Quarant’anni fa l’assassinio di Carlo Alberto Dalla Chiesa

(di Bulldog) Per farmi avere un tono di voce “massiccio” mi misero in fondo al cortile ad urlare ordini ai fucilieri del mio picchetto. Dalla finestra della fureria il comandante di compagnia controllava da lontano. Non si poteva sbagliare infatti: arrivava alla Duca il soldato che aveva sconfitto le Brigate Rosse, che rappresentava il meglio delle Forze Armate e che avrebbe presenziato alla sfilata del 4 novembre, in Bra. Il Comandante della Divisione Pastrengo dei Carabinieri.

Di Carlo Alberto Dalla Chiesa ricordo la figura imponente che scendeva dall’Alfetta blindata per ricevere gli onori, lo sguardo piantato  negli occhi dei soldati immobili sul presentat-arm e il sorrido sardonico una volta appreso che nel picchetto – impeccabile, passammo ore controllare fucili, baionette, cinturoni e anfibi – non mancavano ex detenuti di Forte Boccea rimandati al reparto a completare la naja dopo aver scontato la condanna.

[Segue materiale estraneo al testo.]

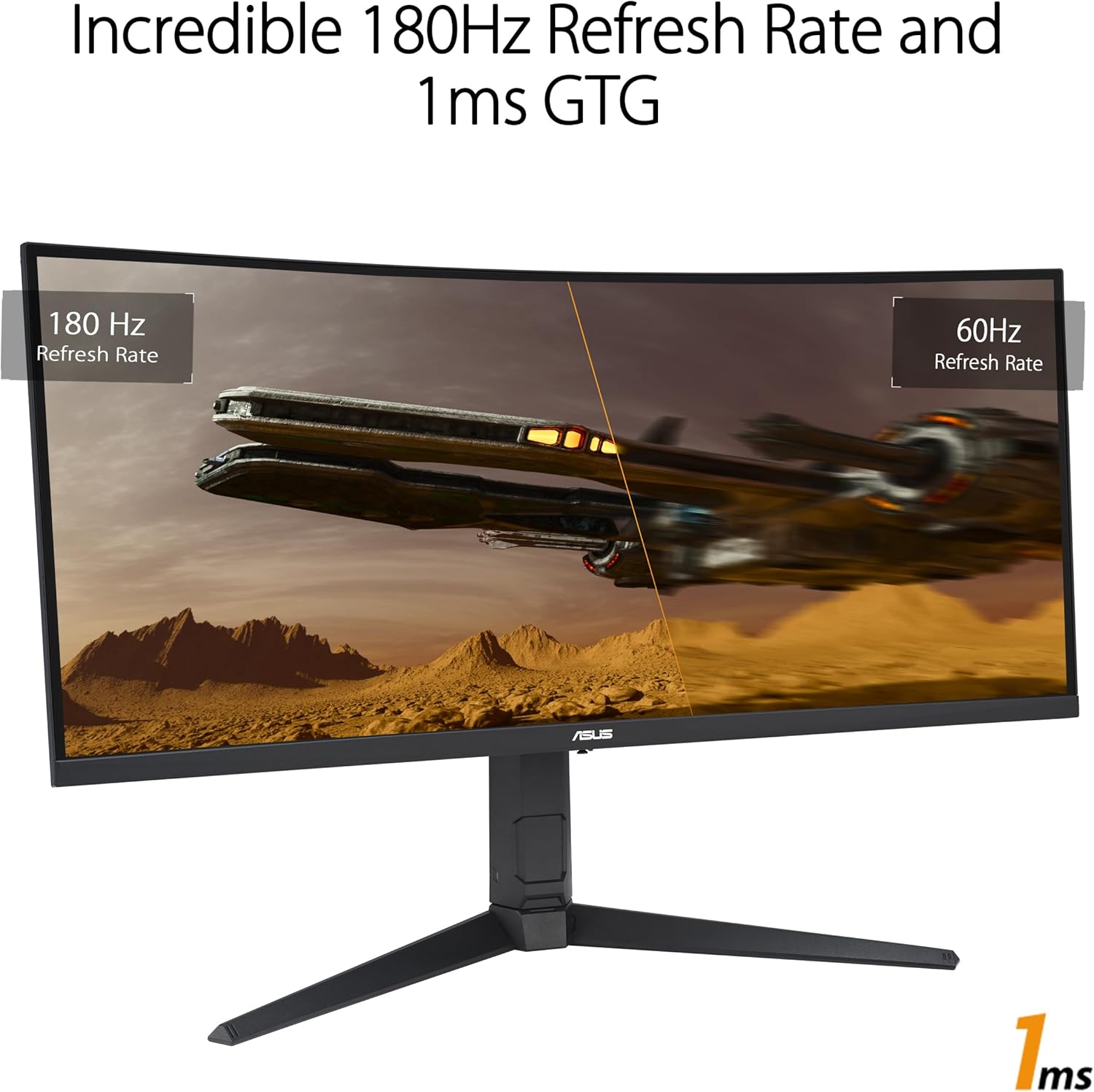 ASUS TUF Gaming VG34VQL3A QHD 165Hz FreeSync Curved Monitor - image 3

Poco più di un anno dopo, guardavo scioccato le immagini della A112 del Prefetto di Palermo e quella  stessa figura imponente chinata, inutilmente, a proteggere la giovane moglie, Emanuela Setti Carraro, e il figlio che portava in grembo (con loro venne assassinato anche l’agente di scorta Domenico Russo).

Sono passati quarant’anni da quel giorno e alla Storia è stata consegnata la figura di un militare integerrimo, un sabaudo tutto d’un pezzo, senza tentennamenti  sia quando combatteva gli indipendentisti siciliani della banda Giuliano, sia quando chiudeva la pagina degli anni di piombo, sia quando si ritrovava da solo nella Prefettura di una Palermo abbandonata da Roma, senza venire mai meno al dovere.

Mi sono chiesto più volte se e quanto valga la pena impegnarsi per questo Paese. E mi è sempre tornato alla mente quel servizio di PAO. E lì ho trovato sempre la risposta.